Club secretary James Bond told an open meeting tonight it became apparent towards the end of last season they would be unable to continue in their present condition.
"We have appealed many times for sponsorship and support, but nobody will put their hands in their pockets.
"The Park Hall stadium is in a poor state, attendances are dwindling and the club could be closed down by one of its creditors at any moment - our debts can only be cleared by the merger.
"Nor are we attracting young people to Park Hall and eventually we will have no support," Bond told the meeting.
He said the Club's board had taken a blank sheet of paper and considered various options, including dropping into the Cymru Alliance or returning to the English pyramid, probably in a 'village' league.
"The TNS merger option was head and shoulders above the rest," he said.
"They have financial backing and a firm basis to continue playing at a higher level.
"It is an exciting prospect and there is no way I would sell Oswestry Town down the river," said Bond.
Some of the 80 or so supporters at the meeting were vocal in their condemnation of the merger, including shareholder Mike Clarke, who said he first heard of the plan through the media.
Others called for the word 'Oswestry' to be incorporated into the new club's name.
However, TNS owner Mike Harris was adamant that the merged club would be called Total Network Solutions.
"We will be investing around 120,000 a year in the merged club," Harris said, "and there is no way my company's board would agree to this with a different name.

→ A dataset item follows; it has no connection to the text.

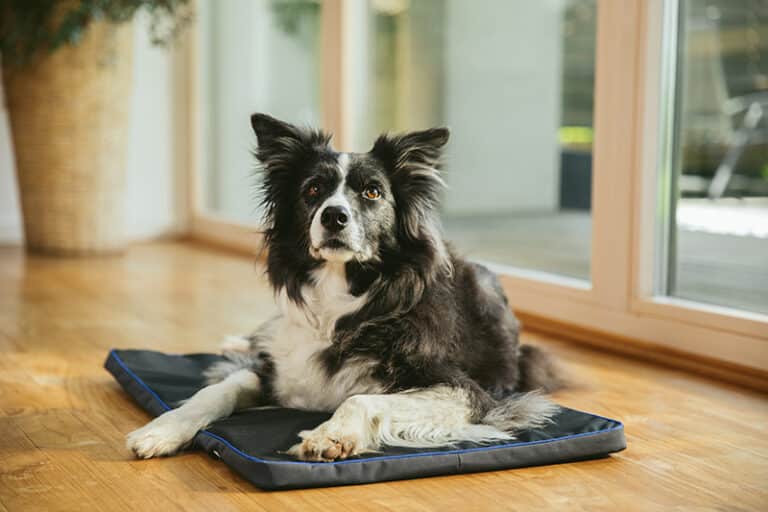 Petspemf Pad for Dogs PEMF Therapy Mat / Bed for Dogs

It is part of the company's strategic marketing policy."
Harris said that UEFA ground criteria, which would apply from 2004/5, would require investment by individual clubs in excess of 150,000 and it would not be viable to invest this amount in Llansantffraid, with a population of less than 1,000.
"If the Oswestry merger does not go through, there are other options," he said. "A stadium could be built elsewhere within mid-Wales, for example in Welshpool."
Alternatively, Harris said TNS would consider appealing to European authorities, that preventing a football club in Llansantffraid from being based outside a border just three miles away was restraint of trade and against EU law.
Whether or not the Oswestry/TNS merger goes ahead, Harris predicted that the Football Association of Wales would use the UEFA ground criteria to 'cull' the Welsh Premier to as few as eight clubs.
By the end of the meeting, many Town fans appeared ready to accept the inevitable.
Reg Mason, who is also president of the Shropshire Football Association, said "The merger plan is pennies from heaven; we should be grateful and wholeheartedly behind Mike Harris."
Another supporter seemed to sum up the mood of many when he said: "History is important, but so is the future and I would rather have a football club in Oswestry called Total Network Solutions than no club at all."
The merger plan will now go to the FAW for approval, before being voted on by Oswestry Town shareholders.